No clima pesado da entrevista coletiva depois da eliminação da Inter de Milão na Liga dos Campeões na última terça-feira, o técnico Roberto Mancini entrou de cara fechada. Era de se esperar. O que caiu como uma bomba foi o anúncio do técnico de Jesi que sairia do clube ao final a temporada. “Creio que estes sejam meus últimos dois meses e meio na Inter”, disse Mancini, antes de se retirar e deixar a imprensa em polvorosa.

Para aumentar o ‘frisson’, os jogadores tinham acabado de saber das intençõesdo treinador e o presidente do clube, Massimo Moratti, soube do ocorrido pela imprensa, e não escondeu o aborrecimento. “Eu gostaria de ter sido avisado”, disse Moratti, quando questionado pela imprensa. Imediatamente imaginou-se que Mancini já estivesse acertado com outro clube. Segundo ele, sua decisão já tinha sido tomada “de antemão”.

No dia seguinte, Moratti chamou Mancini para uma conversa na sua empresa decidido a demiti-lo naquele dia, quarta-feira. Contudo, depois de uma longa reunião e de um pedido de desculpas público do treinador, os dois anunciaram que Mancini ficaria no clube. (“Eu continuo. Só precisava de um atestado de confiança”, disse o técnico). Mas a sensação de que alguma coisa estava errada continuava. E não era só uma sensação.

Saco cheio

Não se sabe se Mancini está ou não acertado com outro clube. O fato é que a sua atitude pode ter sido pouco inteligente, mas não foi à toa. O episódio desvelou um clima de desarmonia no clube que é exatamente o mesmo que o deixou tantos anos na fila: um clima de intriga, disputas de poder e privilégios que impedem qualquer trabalho sério.

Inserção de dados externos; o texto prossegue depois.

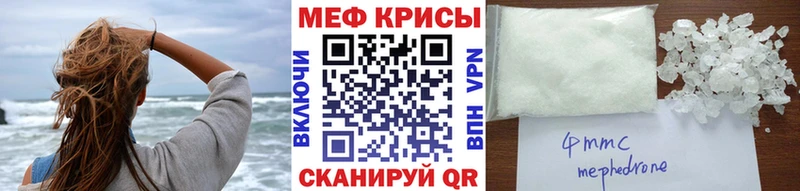 MEGA как войти  Шумиха  Меф мука 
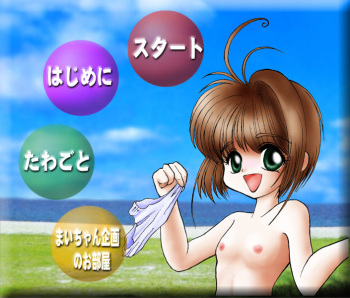 Sakura no Doki-doki Vacation cover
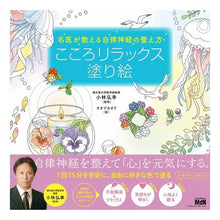 画像をギャラリービューアに読み込む, こころリラックス塗り絵
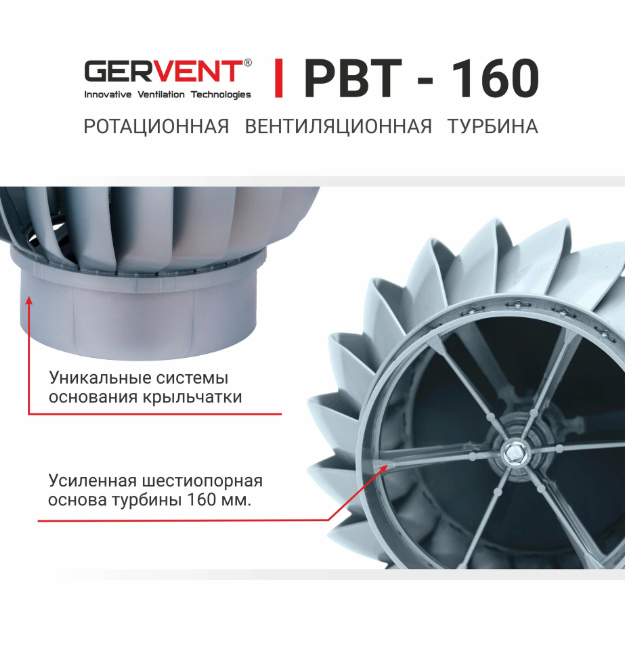 Снимок экрана 2025-12-25 140314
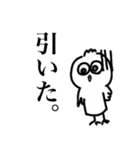 きゃわきゃわ村（個別スタンプ：8）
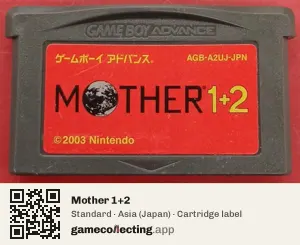 Mother 1+2 Game Boy Advance, Asia cartridge label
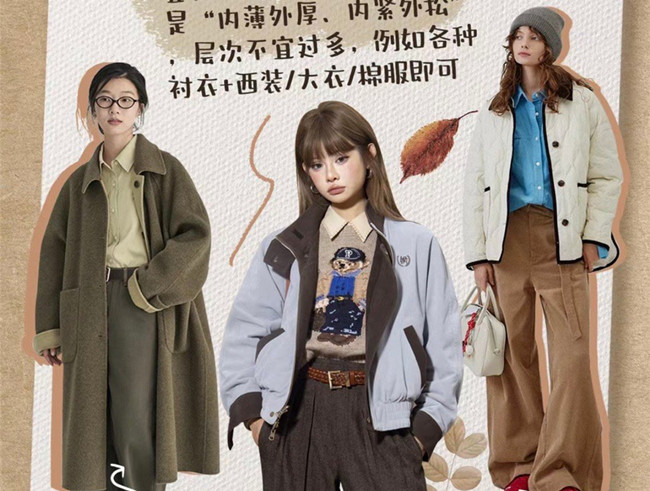 適合初春的疊穿搭配，廣西人物形象設(shè)計整理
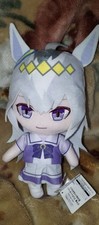 Uma Musume Oguri Cap Plush Toy Big Plush Official Character Mascot Edition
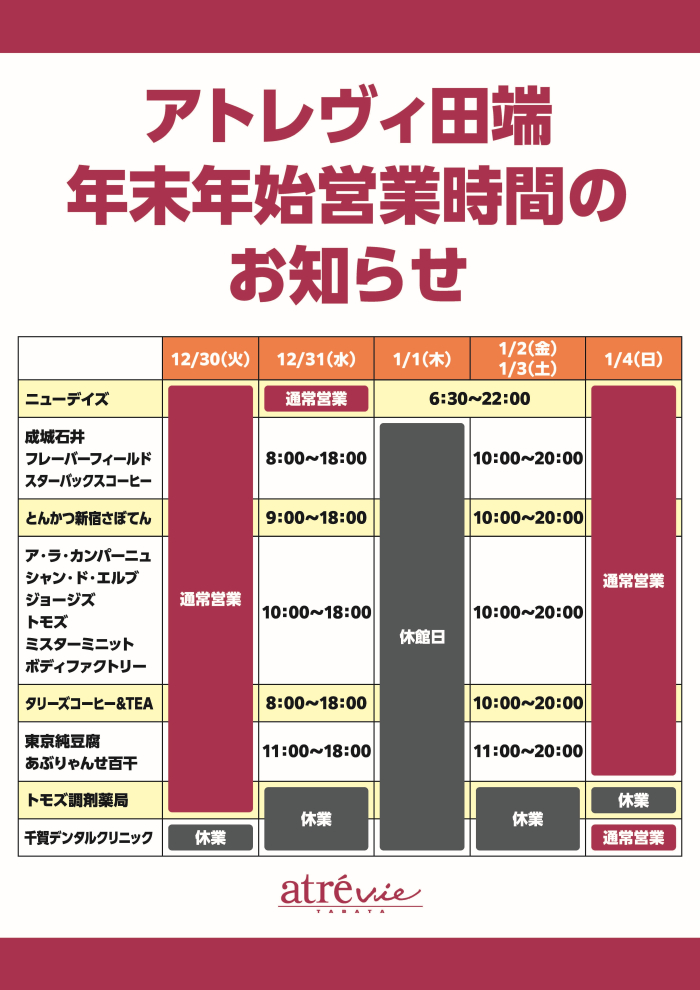 年末年始営業のお知らせ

A explosão de Mancini se deu, não coincidentemente, depois que Figo se recusou a entrar quando o Liverpool vencia por 1 a 0. “Agora eu não entro”, disse o português, que continuou a se aquecer. Aquela foi a gota d’água para o ‘Mancio’ que voltou a se ver com o problema de jogadores indisciplinados que recebiam afagos de Moratti (vide Ronaldo, Adriano, Recoba, Figo, etc).

Mancini também não se conforma com o fato de o mercado do clube ser feito por Gabriele Orialli e Marco Branca. Exemplo: o técnico queria um meio-campista para substituir Dacourt. Sugeriu Konko, do Genoa, mas Branca e Orialli contrataram Maniche, por indicação de Figo, que o treinador acha “inutilizável”.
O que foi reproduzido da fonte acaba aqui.